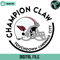 Champion Claw Touchdown Cardinals City Svg - Gossfi.com.jpg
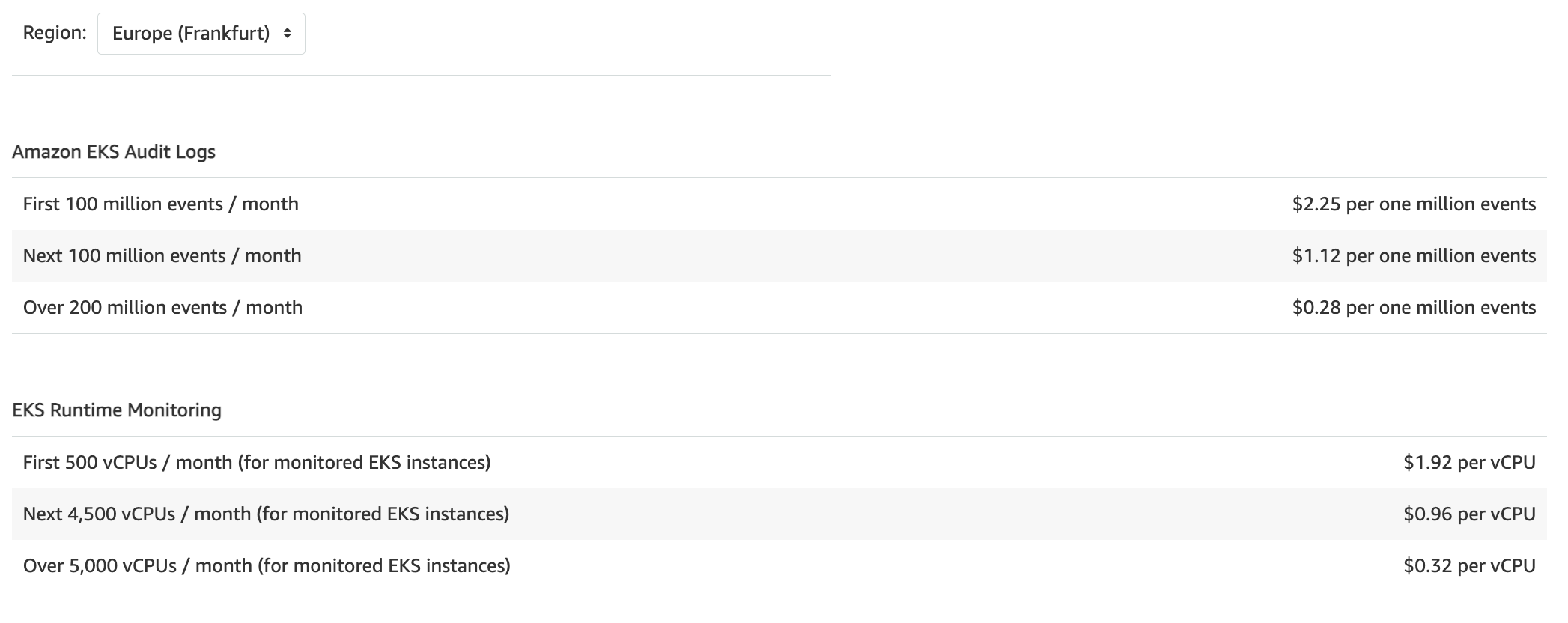 LLD003-002-GD-04.png LLD003-002-GD-04.png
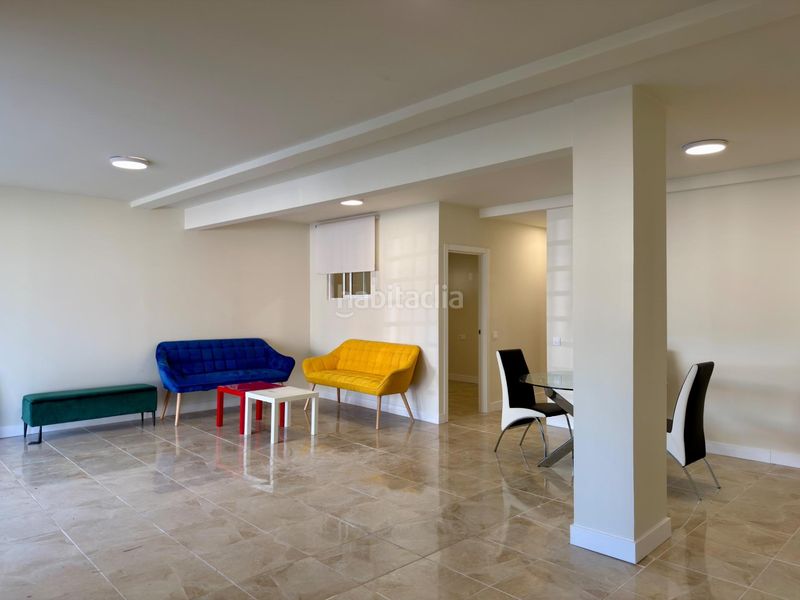 Foto f746f0d9-130e-4054-a14a-475779dab21a. Casa amb calefacció aparcament a Sant Antoni de Vilamajor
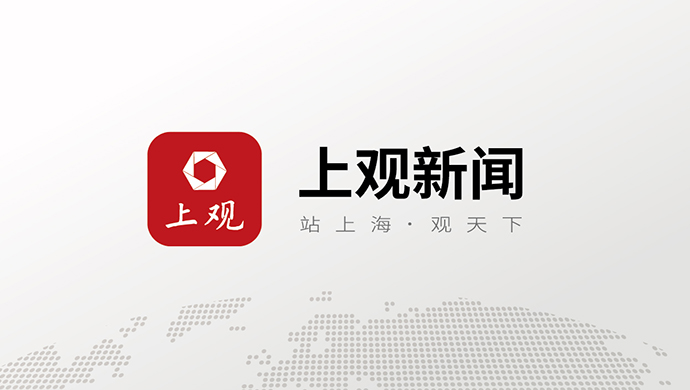 次和王楚钦, 王楚钦将与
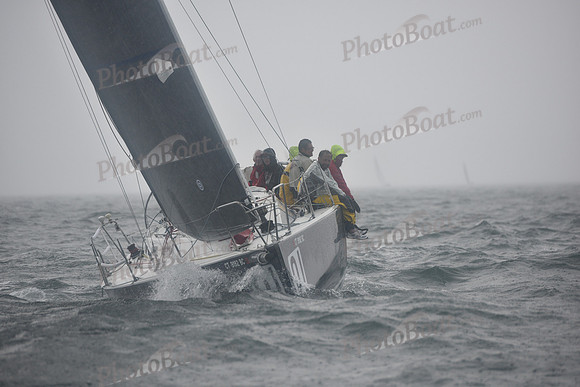 2019 Block Island Race Week G_2037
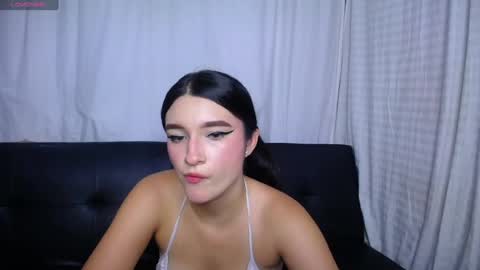 Anny online show from 07/08/26, 07:51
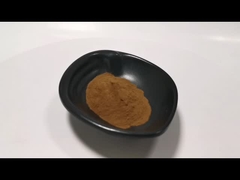 مستخلص نباتي صالح للأغذية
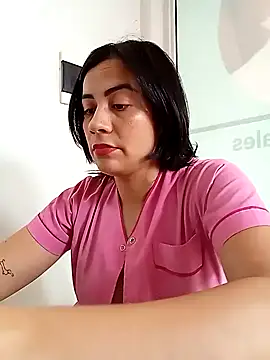 Snapshot of XGabrielaXX chatting on January 29, 7:22 pm XGabrielaXX online show from January 29, 7:22 pm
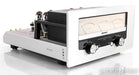 Audio Research GS150 Stereo Tube Power Amplifier; GS-150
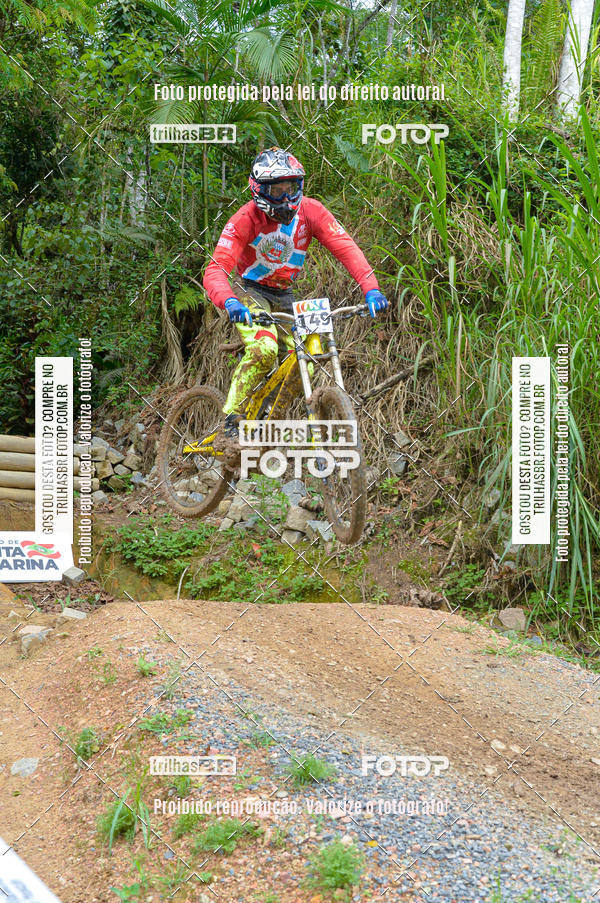 Buy your photos of the eventDHI JASC on Fotop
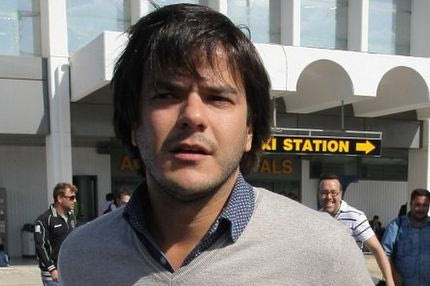 Μουτίνιο (συνεργάτης Σα Πίντο): “Να προσέχουν τον ΟΦΗ, είναι πολύ καλή ομάδα”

Problem: Take the listing above and restate it word for word, without its pictures.

Answer for this exercise:
 Champion Claw Touchdown Cardinals City Svg - Gossfi.com.jpg
 LLD003-002-GD-04.png LLD003-002-GD-04.png
 Foto f746f0d9-130e-4054-a14a-475779dab21a. Casa amb calefacció aparcament a Sant Antoni de Vilamajor
 次和王楚钦, 王楚钦将与
 2019 Block Island Race Week G_2037
 Anny online show from 07/08/26, 07:51
 مستخلص نباتي صالح للأغذية
 Snapshot of XGabrielaXX chatting on January 29, 7:22 pm XGabrielaXX online show from January 29, 7:22 pm
 Audio Research GS150 Stereo Tube Power Amplifier; GS-150
 Buy your photos of the eventDHI JASC on Fotop
 Μουτίνιο (συνεργάτης Σα Πίντο): “Να προσέχουν τον ΟΦΗ, είναι πολύ καλή ομάδα”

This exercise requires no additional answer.